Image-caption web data
--- START ---

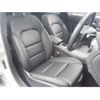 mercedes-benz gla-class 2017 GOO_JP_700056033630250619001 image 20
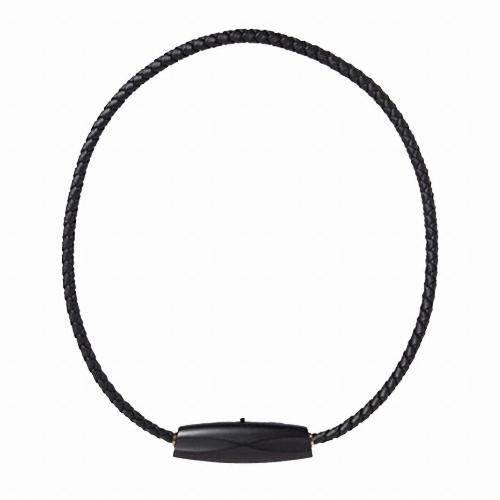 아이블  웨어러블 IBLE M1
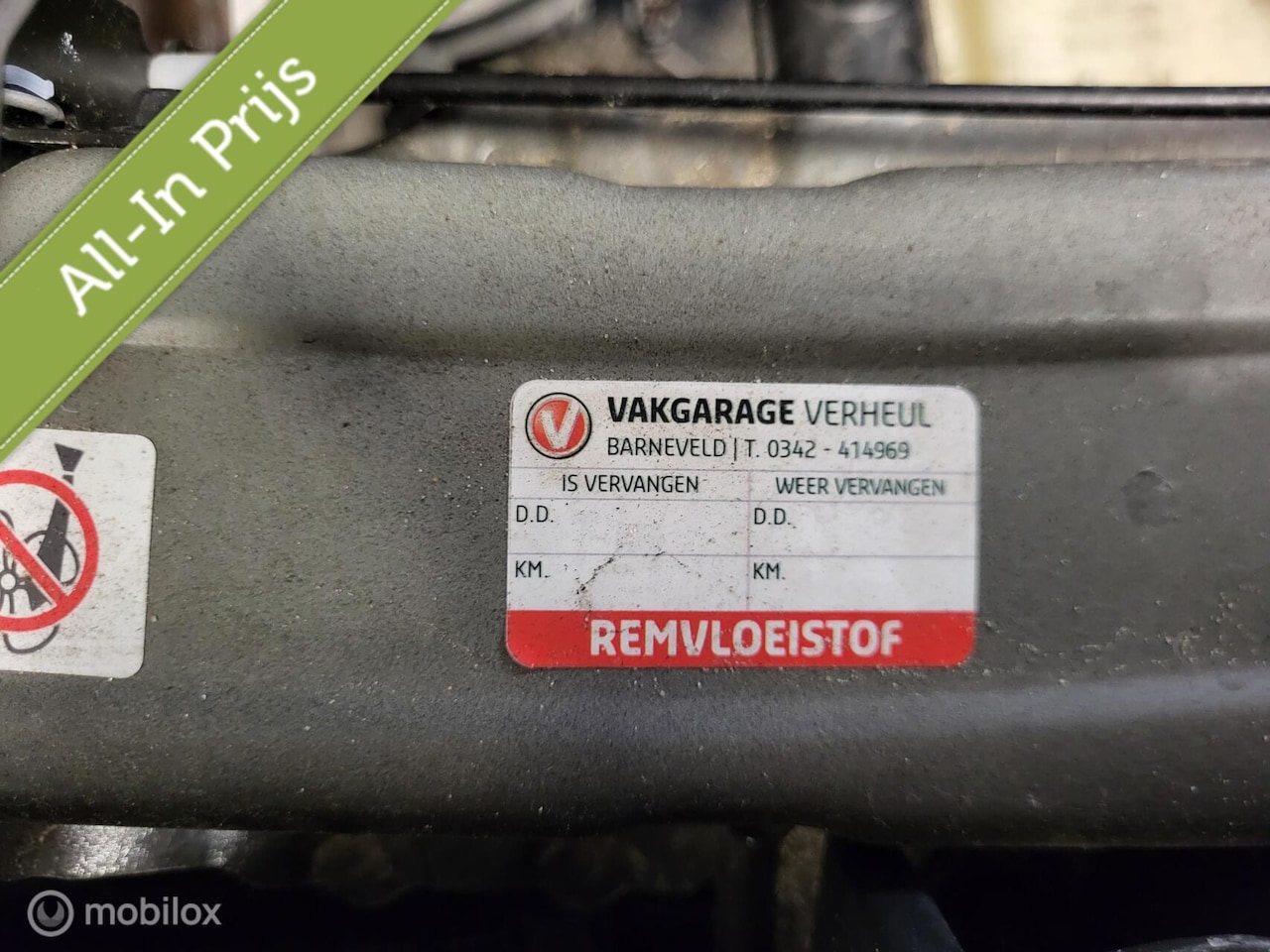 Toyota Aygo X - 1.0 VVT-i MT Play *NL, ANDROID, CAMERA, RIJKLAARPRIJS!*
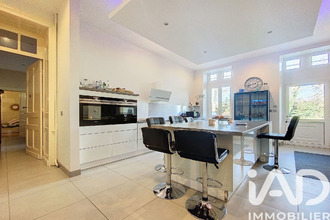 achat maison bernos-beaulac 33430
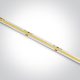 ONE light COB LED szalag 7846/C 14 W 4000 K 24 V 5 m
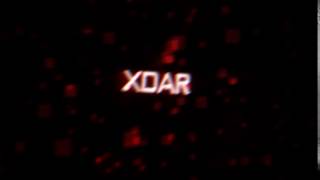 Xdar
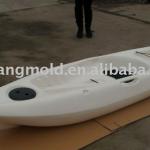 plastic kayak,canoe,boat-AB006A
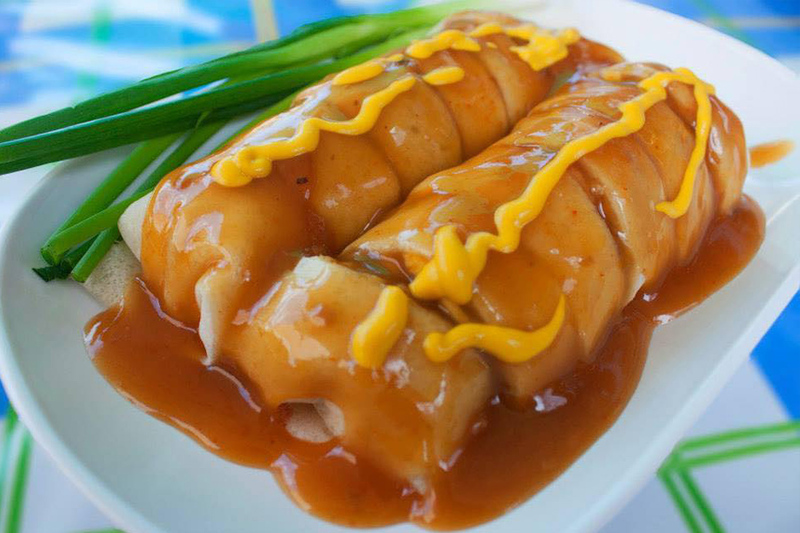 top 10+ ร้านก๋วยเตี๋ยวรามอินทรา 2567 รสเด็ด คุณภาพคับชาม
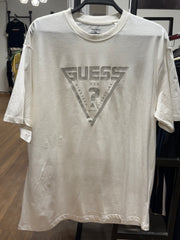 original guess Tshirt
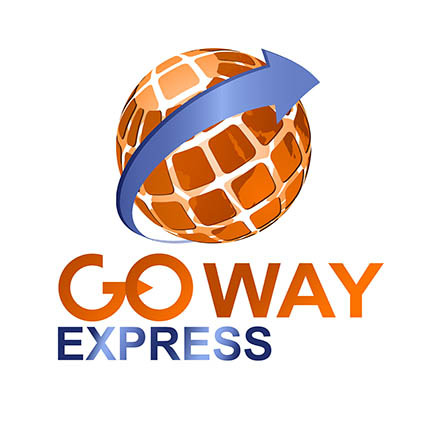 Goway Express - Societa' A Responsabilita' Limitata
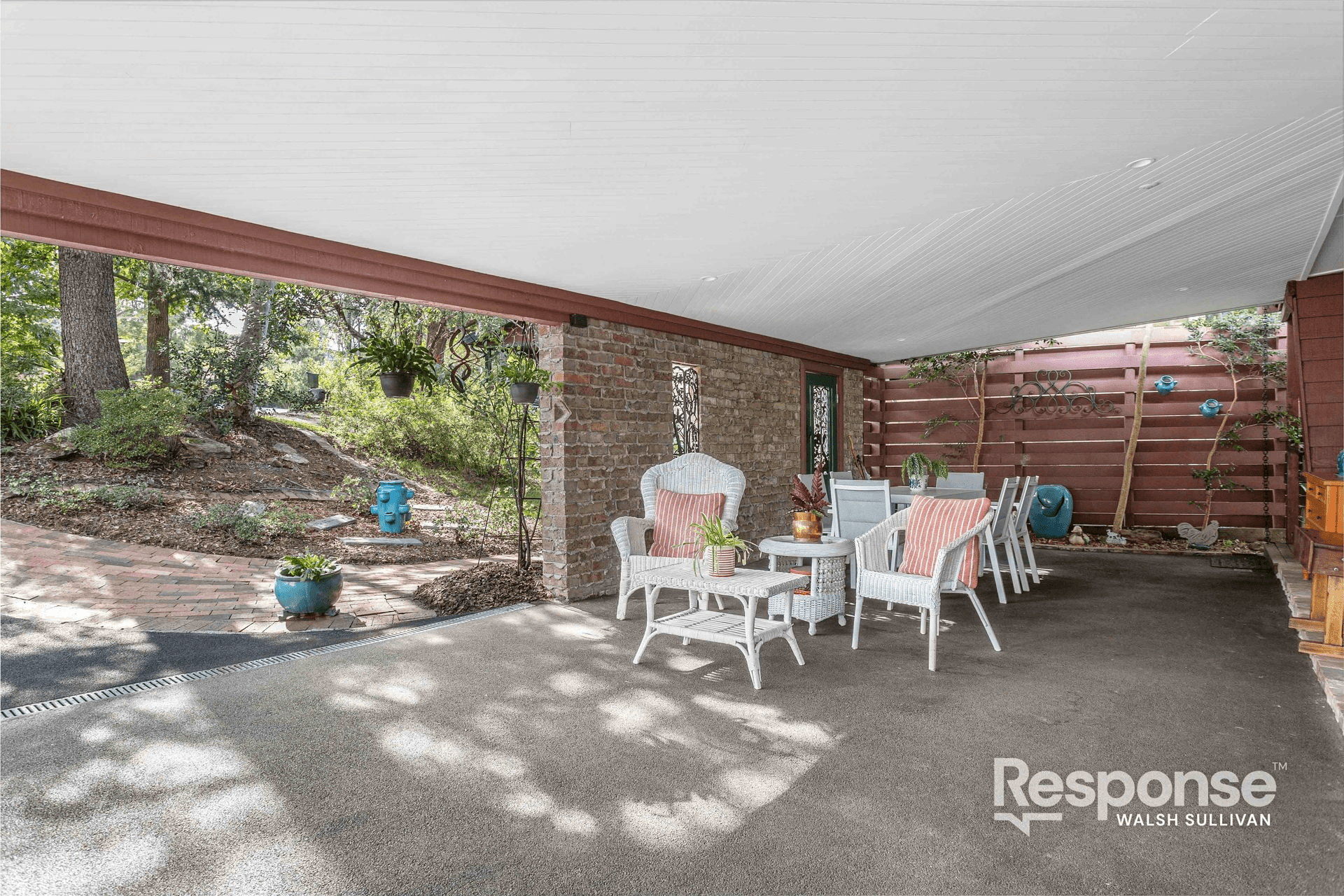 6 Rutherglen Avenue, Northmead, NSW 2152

--- END ---

(EXERCISE OBJECTIVE): Write out the data above in full and exactly, but not the pictures.

(FINAL ANSWER):
 mercedes-benz gla-class 2017 GOO_JP_700056033630250619001 image 20
 아이블  웨어러블 IBLE M1
 Toyota Aygo X - 1.0 VVT-i MT Play *NL, ANDROID, CAMERA, RIJKLAARPRIJS!*
 achat maison bernos-beaulac 33430
 ONE light COB LED szalag 7846/C 14 W 4000 K 24 V 5 m
 Xdar
 plastic kayak,canoe,boat-AB006A
 top 10+ ร้านก๋วยเตี๋ยวรามอินทรา 2567 รสเด็ด คุณภาพคับชาม
 original guess Tshirt
 Goway Express - Societa' A Responsabilita' Limitata
 6 Rutherglen Avenue, Northmead, NSW 2152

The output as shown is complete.